TV Shows I Watched This Year

Community - The quirkiest, savviest, goofiest, most absurd TV show on the air right now. Says I. It cracks me up week after week. Thursday nights, NBC, 8pm. Except NBC has just put it on hiatus. Meanwhile, Whitney lives on. And there is no justice in the world, etc. etc.

Raising Hope - This is made by the same people who brought us My Name Is Earl, a show I also enjoyed. Martha Plimpton (THE GOONIES!) plays a grandmother. If that doesn't set you up for what kind of wackiness abounds here, well... just watch it and see. It's a clever little half-hour gem.

Castle - Okay, so it's formulaic to the max, but somehow I don't mind watching Nathan Fillion do roughly the same thing week after week.

Burn Notice - Jeffrey Donovan, who I've been crushing on for the past 14 years, plays an ex-spy who, along with Bruce Campbell (!) kicks some bootie in Florida. It's a fun romp. I'm only into, like, season two and there are five or more now... but I'll get caught up eventually!

Parking Wars - Who knew that watching the daily rituals of meter maids, booters, and towing company employees could be so fascinating?
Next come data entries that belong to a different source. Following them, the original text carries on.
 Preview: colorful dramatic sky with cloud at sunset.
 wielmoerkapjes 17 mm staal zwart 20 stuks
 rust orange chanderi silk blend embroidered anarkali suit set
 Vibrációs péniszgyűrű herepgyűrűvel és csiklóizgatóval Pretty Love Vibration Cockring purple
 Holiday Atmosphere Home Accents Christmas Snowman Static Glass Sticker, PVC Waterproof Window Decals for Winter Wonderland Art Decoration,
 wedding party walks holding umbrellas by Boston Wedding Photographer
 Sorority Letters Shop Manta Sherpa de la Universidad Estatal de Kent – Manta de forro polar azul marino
But really, this show makes the job seem kinda fun -- so long as you can avoid being beaten up by angry Philadelphians.

America's Next Top Model - In the past, I've really enjoyed this show. It's utterly ridiculous and hypocritical, but also entertaining. But this past season was an All-Stars season, and A) I'm really tired of reality shows doing all-star versions. Enough with the people we've seen before. And B) The focus of the show changed. And then one day, mid-season, they took things far, far down Ridiculousness Road. We're talking "past the point of no return." They forced the contestants to write their own pop song and do a music video for it. AND they made a rule that the song had to have the phrase "Pot Ledom - That's Top Model backwards!" in it.

POT LEDOM.

And that's when my soul left for Barcelona.
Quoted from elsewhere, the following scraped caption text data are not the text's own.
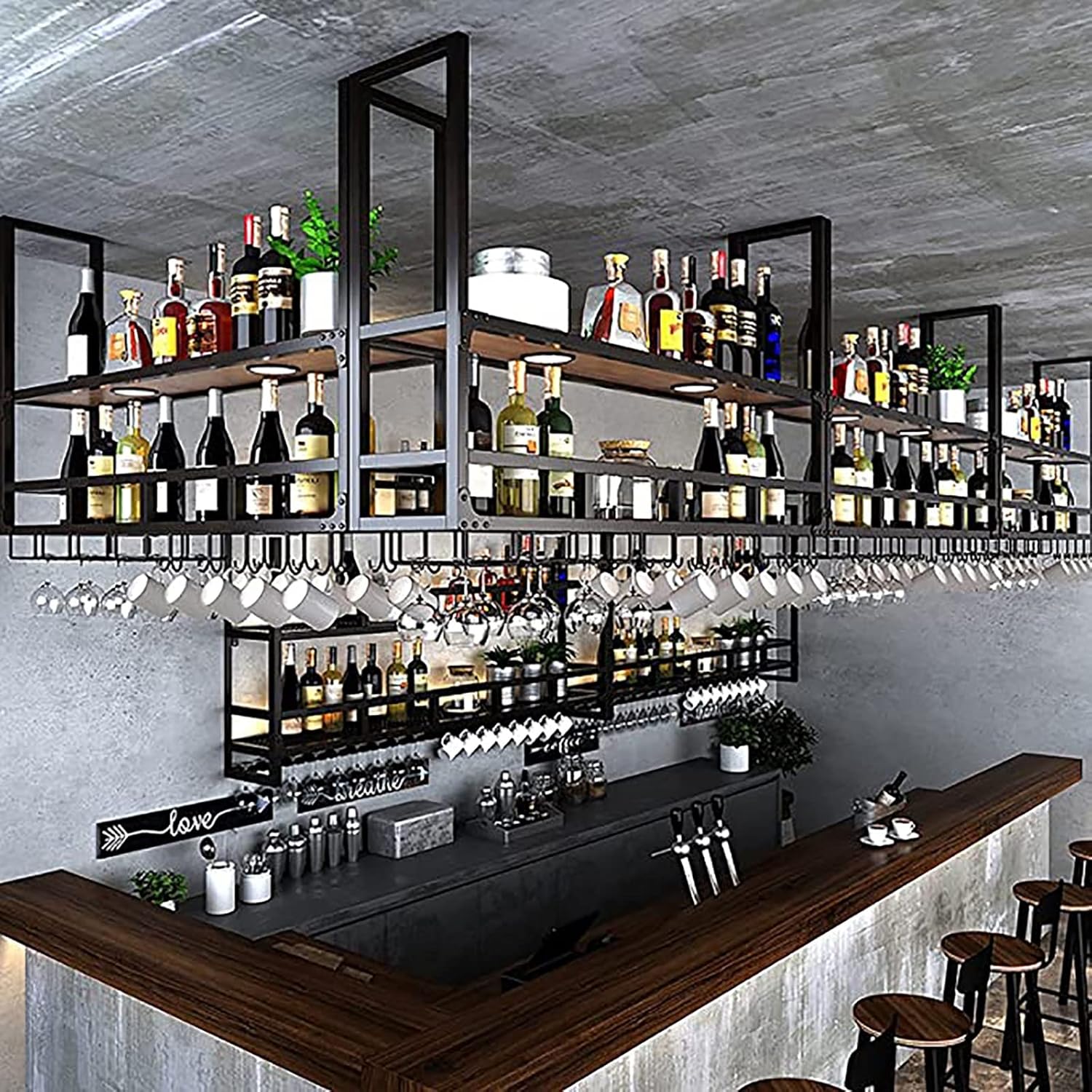 FAFZ 2-Layer Industrial Wood Wine Rack Shelf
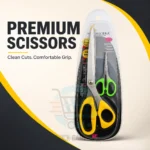 Pack of 2 stainless steel scissors with yellow and green comfortable-grip handles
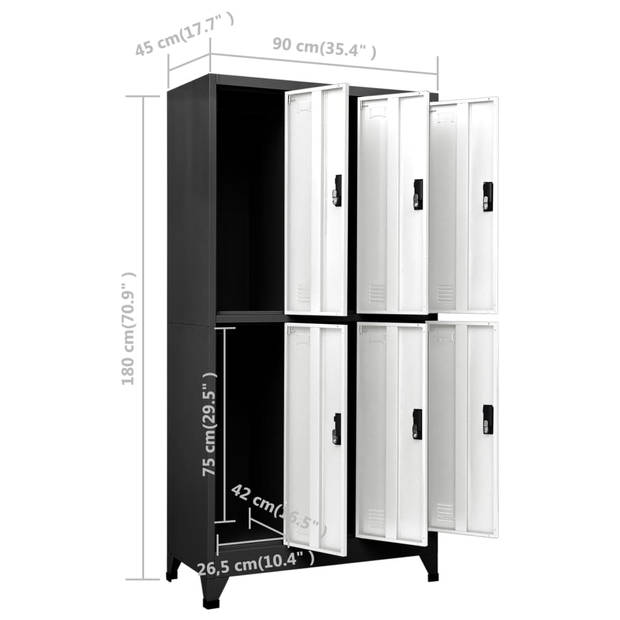 vidaXL Lockerkast 90x45x180 cm staal antracietkleurig en wit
Toddlers & Tiaras - Another utterly ridiculous guilty pleasure. If you've only ever heard of the show, you may think it's about a bunch of bratty kids and their overindulgent parents. Yeah, some episodes are about those types. But there are actually a lot of perfectly normal kids involved, and plenty of INSANE PARENTS. If you can even call them parents. I saw one ep recently where the pageant mom cheerfully admitted that she had children in the first place so she'd have someone to enter in pageants. Lord help us all.

Cash & Cari - A self-proclaimed "treasure broker", Cari from Michigan runs estate sales and repurposes old furniture and other items. I love going to estate sales, so it makes sense I would also like watching a show about them. It's cool taking a peek into other people's homes and seeing what they collected. And no, it's not creepy at all... why, does it sound like it is?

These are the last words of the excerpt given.